On June 24, Europol announced a new phase of Operation Endgame — a coordinated strike against three of the most active malware families that have been quietly draining passwords and cryptocurrency wallets for years. Agencies from six countries took part: Canada, Denmark, Germany, the Netherlands, the United Kingdom, and the United States. Microsoft brought critical threat intelligence that helped map the criminal infrastructure ahead of the raid.
Three tools were dismantled: SocGholish, Amadey, and StealC. Each operated under the cybercrime-as-a-service model, meaning their creators rented access to other criminals who used them to steal bank credentials and raid crypto wallets. SocGholish spread via fake browser-update prompts planted on nearly 15,000 compromised WordPress sites, and it has direct ties to the Russian syndicate Evil Corp. Amadey acted as a loader, installing additional malware on infected machines. StealC went on sale openly on underground forums in 2023, specializing in harvesting browser-saved passwords and crypto wallet files.
The numbers are stark. Authorities shut down 326 servers, seized 142 domains, and cleaned malicious code from 14,971 compromised websites. Microsoft separately took out more than 200 command-and-control servers and identified 18,000 infected machines in its own data. Amadey and StealC together drove more than 140,000 new infections in May 2026 alone. Roughly 41 million euros — about 47 million dollars — in cryptocurrency tied to the networks' operators was frozen.

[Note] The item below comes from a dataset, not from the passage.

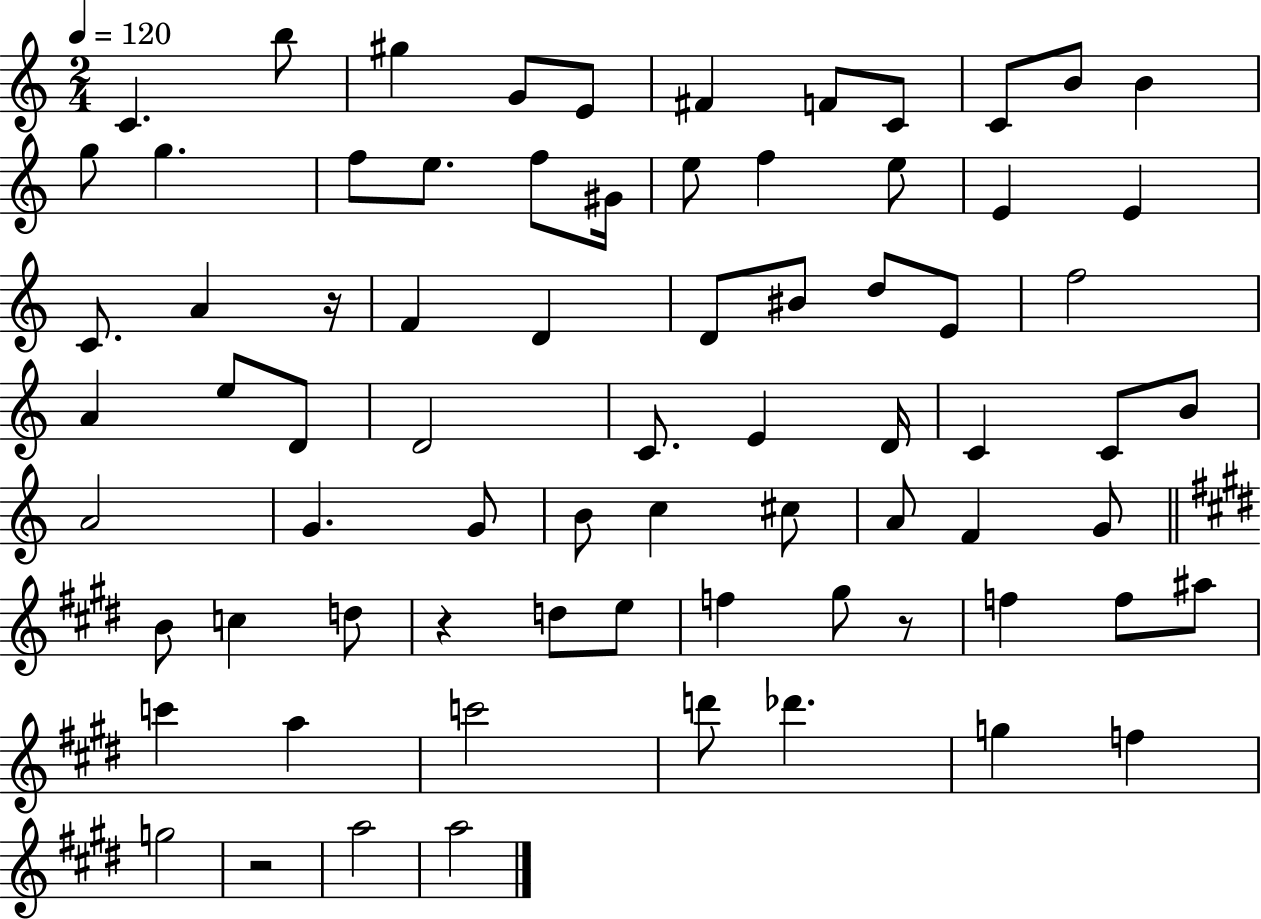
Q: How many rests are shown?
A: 4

Nearly 27 million stolen login credentials were also recovered and will be shared with victims through Have I Been Pwned, the free service where anyone can check whether their accounts were compromised. For crypto holders, that matters. These credential sets are the raw fuel for automated attacks on exchange accounts and hot wallets — seizure means far fewer hands on the trigger.

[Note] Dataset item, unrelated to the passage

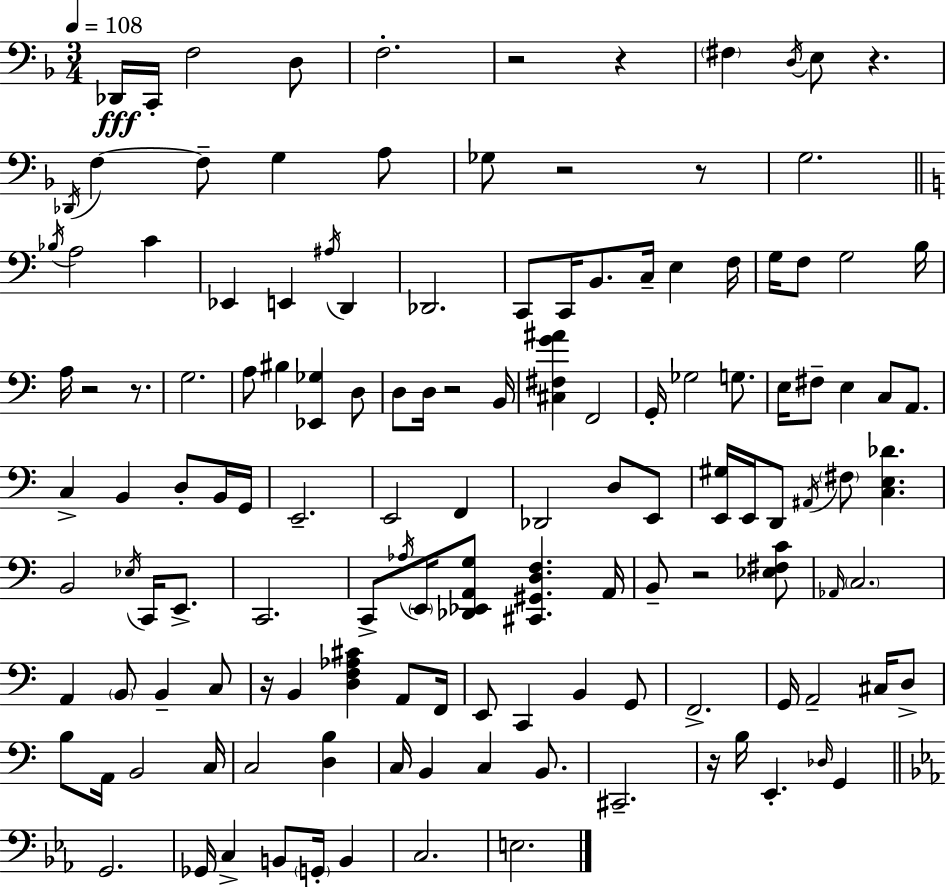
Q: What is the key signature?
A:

Operation Endgame first launched in May 2024 and quickly became one of the largest botnet takedowns in European law enforcement history. The latest phase signals that cross-border actions against criminal infrastructure are becoming systematic rather than exceptional. The groups behind these tools may try to rebuild, but they are starting over with fewer servers and a much shorter list of friendly jurisdictions.